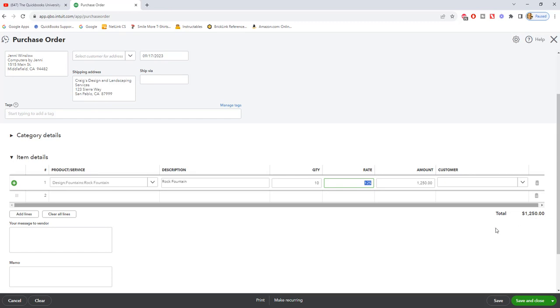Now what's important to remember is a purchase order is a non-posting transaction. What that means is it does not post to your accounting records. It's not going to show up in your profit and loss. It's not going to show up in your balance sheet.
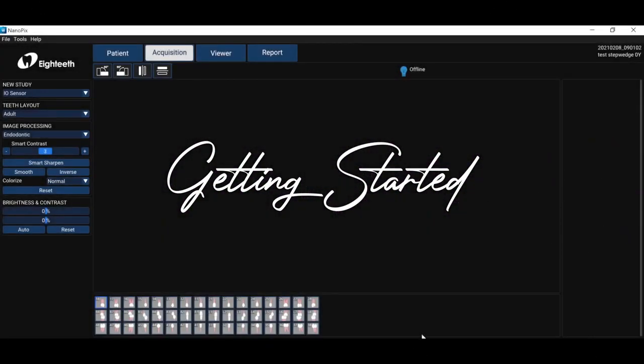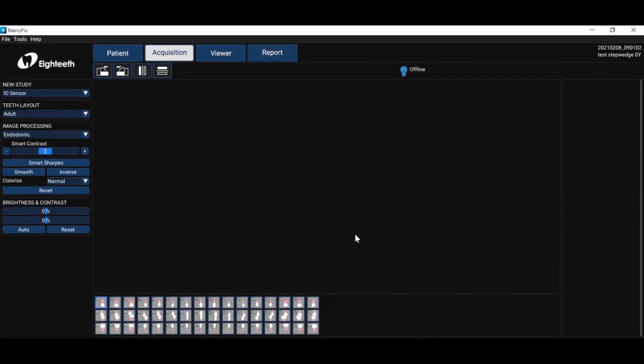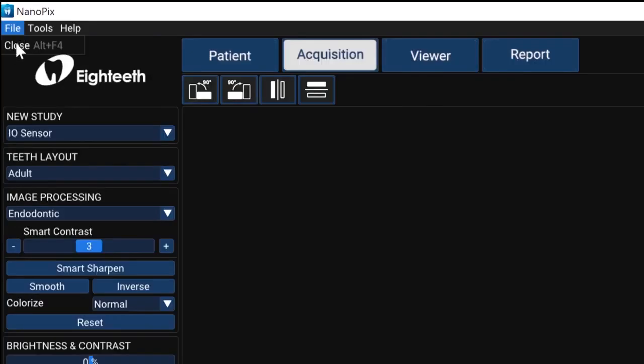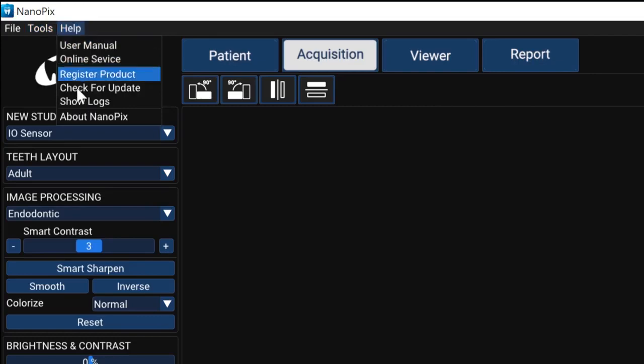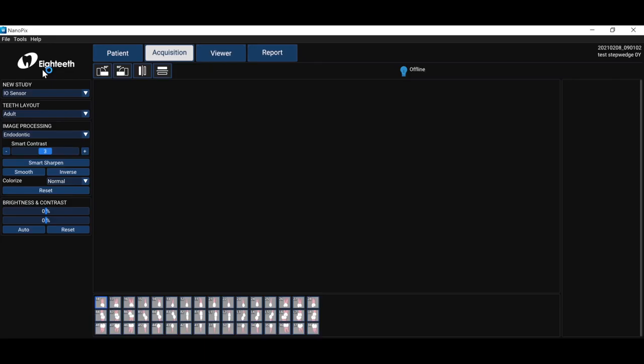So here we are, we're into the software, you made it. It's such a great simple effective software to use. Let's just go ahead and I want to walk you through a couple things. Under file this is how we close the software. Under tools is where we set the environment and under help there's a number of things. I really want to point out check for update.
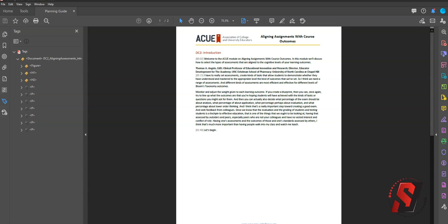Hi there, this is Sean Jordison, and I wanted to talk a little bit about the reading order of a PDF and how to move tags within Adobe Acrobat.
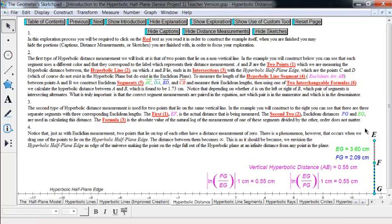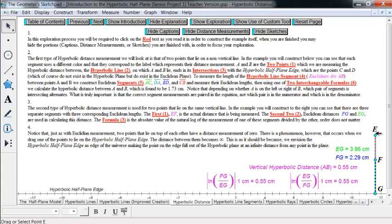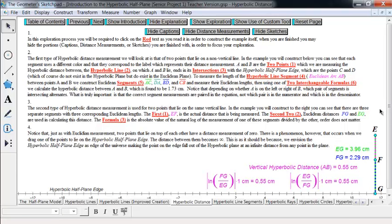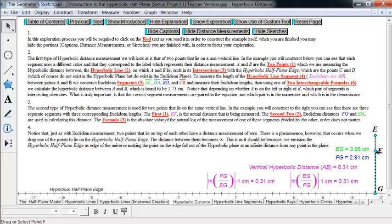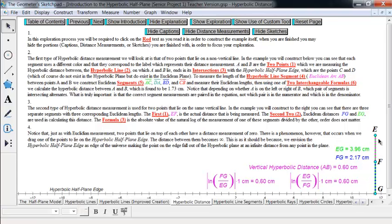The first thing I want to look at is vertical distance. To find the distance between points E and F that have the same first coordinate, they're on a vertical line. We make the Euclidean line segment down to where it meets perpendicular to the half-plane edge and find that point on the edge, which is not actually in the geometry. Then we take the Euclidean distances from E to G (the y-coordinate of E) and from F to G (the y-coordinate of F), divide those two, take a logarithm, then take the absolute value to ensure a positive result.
⁂
▶ YOUR OBJECTIVE:
Copy out the full material exactly. Pictures should not appear in it.

▶ ANSWER TO THE EXERCISE:
Now what's important to remember is a purchase order is a non-posting transaction. What that means is it does not post to your accounting records. It's not going to show up in your profit and loss. It's not going to show up in your balance sheet.
So here we are, we're into the software, you made it. It's such a great simple effective software to use. Let's just go ahead and I want to walk you through a couple things. Under file this is how we close the software. Under tools is where we set the environment and under help there's a number of things. I really want to point out check for update.
Hi there, this is Sean Jordison, and I wanted to talk a little bit about the reading order of a PDF and how to move tags within Adobe Acrobat.
The first thing I want to look at is vertical distance. To find the distance between points E and F that have the same first coordinate, they're on a vertical line. We make the Euclidean line segment down to where it meets perpendicular to the half-plane edge and find that point on the edge, which is not actually in the geometry. Then we take the Euclidean distances from E to G (the y-coordinate of E) and from F to G (the y-coordinate of F), divide those two, take a logarithm, then take the absolute value to ensure a positive result.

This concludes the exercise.